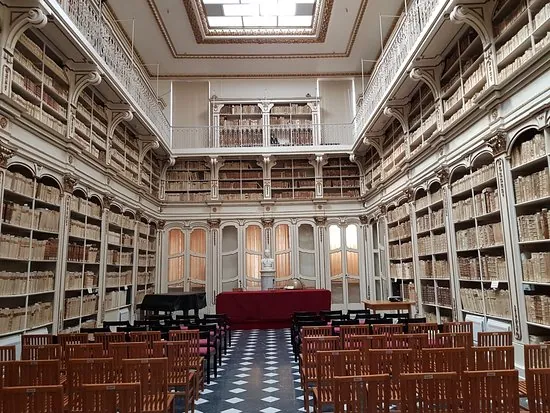 Biblioteca Universitaria di Cagliari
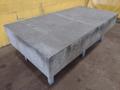 8&#039; X 4&#039; X 14&quot; CHALLENGE PRECISION LAYOUT INSPECTION GRANITE TABLE: STOCK #23793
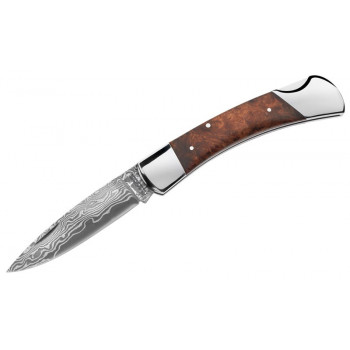 Boker Magnum Damast Lord μαχαίρι (01MB790DAM)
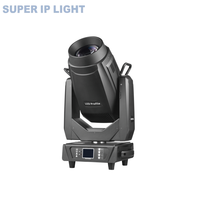 600W LED Moving Head Light CMY+CTO 3-40 °   Zoom-Framing-Shutter für Bühnenkonzerte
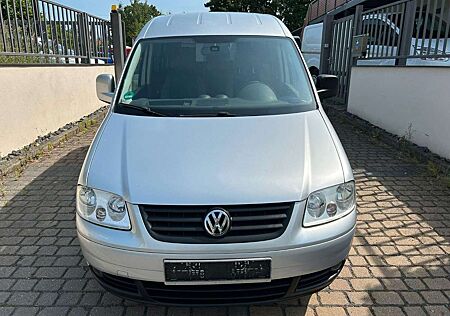 VW Caddy Volkswagen Kombi 1.6 Benzin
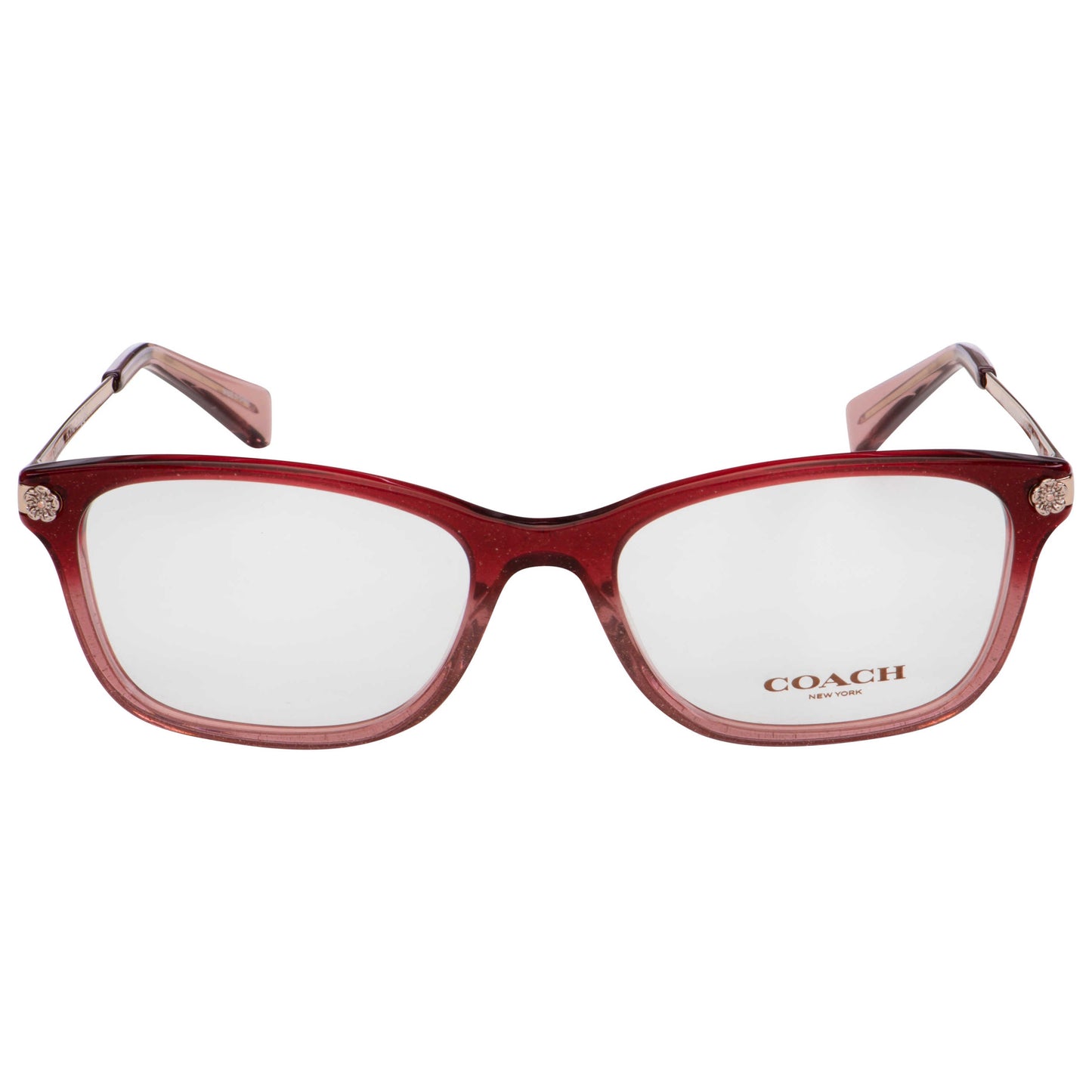 Back view of Coach Fashion Women's Opticals HC6142-5551-51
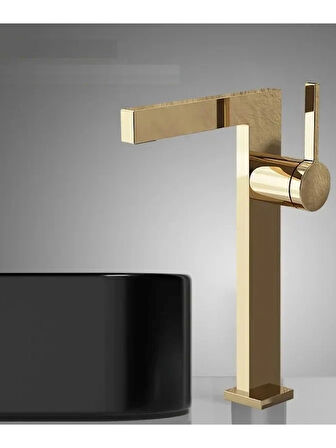 Çanak Lavabo Bataryası Gold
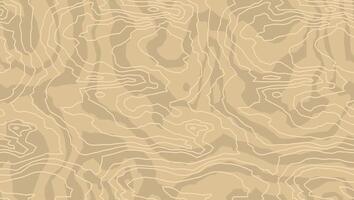 Light beige wood texture background. Empty natural pattern swatch template. Realistic plank. Wooden grain texture. Dense lines vector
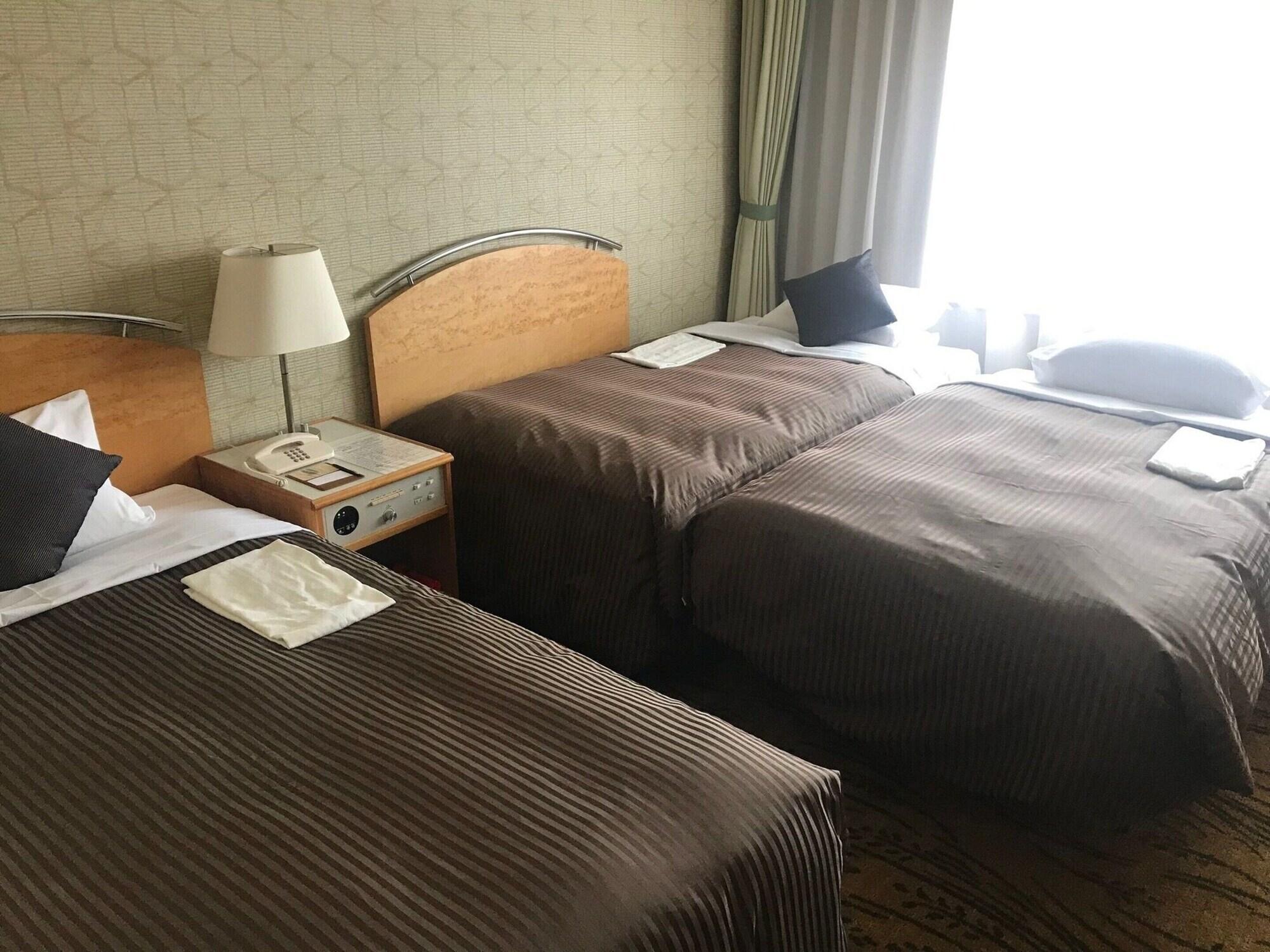 Hotel Okura Niigata Dış mekan fotoğraf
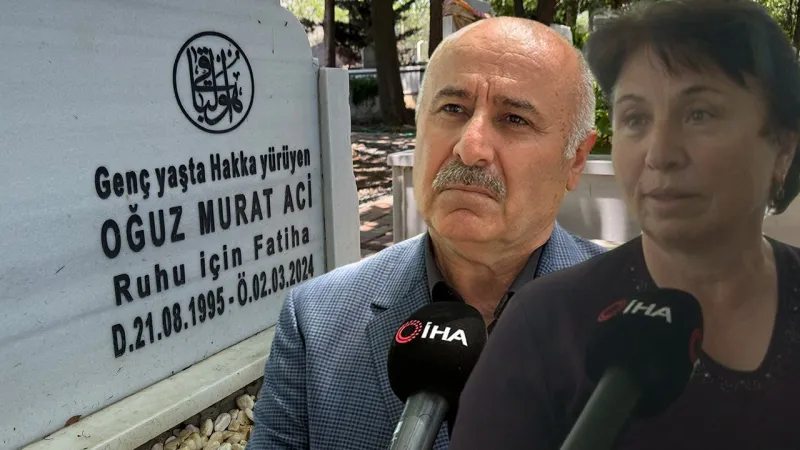 Murat Aci Ailesinden Şok Dava! "Sanki Eylem Tok Olduk!"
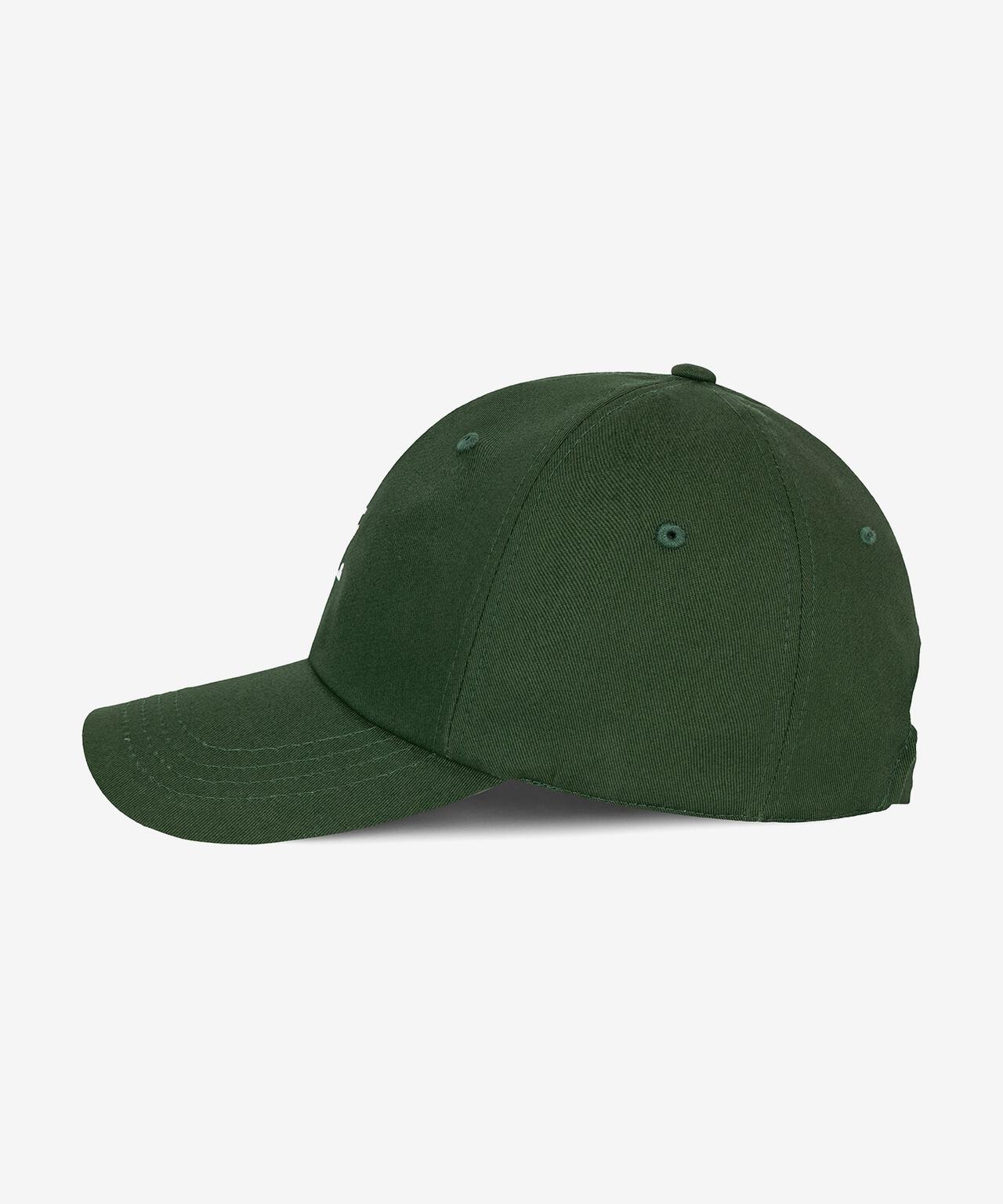 VARZAR/バザール/Monogram soft over fit ball cap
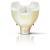 Philips MSD Platinum 16 R 1CT/8 gasontladingslamp 330W 8000K
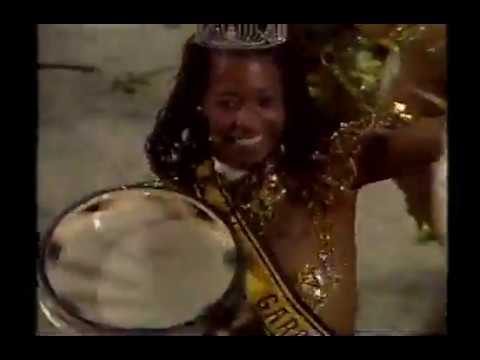 CARNAVAL 1992 - IMPERATRIZ LEOPOLDINENSE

◆ **INSTRUCTIONS TO FOLLOW**:
Reproduce word for word the lines from the one containing "VW Caddy Volkswagen Kombi 1.6 Benzin" through the end of the data, both ends kept. Drop the pictures.

◆ **YOUR RESPONSE**:
 VW Caddy Volkswagen Kombi 1.6 Benzin
 Back view of Coach Fashion Women's Opticals HC6142-5551-51
 Çanak Lavabo Bataryası Gold
 Light beige wood texture background. Empty natural pattern swatch template. Realistic plank. Wooden grain texture. Dense lines vector
 Hotel Okura Niigata Dış mekan fotoğraf
 Murat Aci Ailesinden Şok Dava! "Sanki Eylem Tok Olduk!"
 VARZAR/バザール/Monogram soft over fit ball cap
 Philips MSD Platinum 16 R 1CT/8 gasontladingslamp 330W 8000K
 CARNAVAL 1992 - IMPERATRIZ LEOPOLDINENSE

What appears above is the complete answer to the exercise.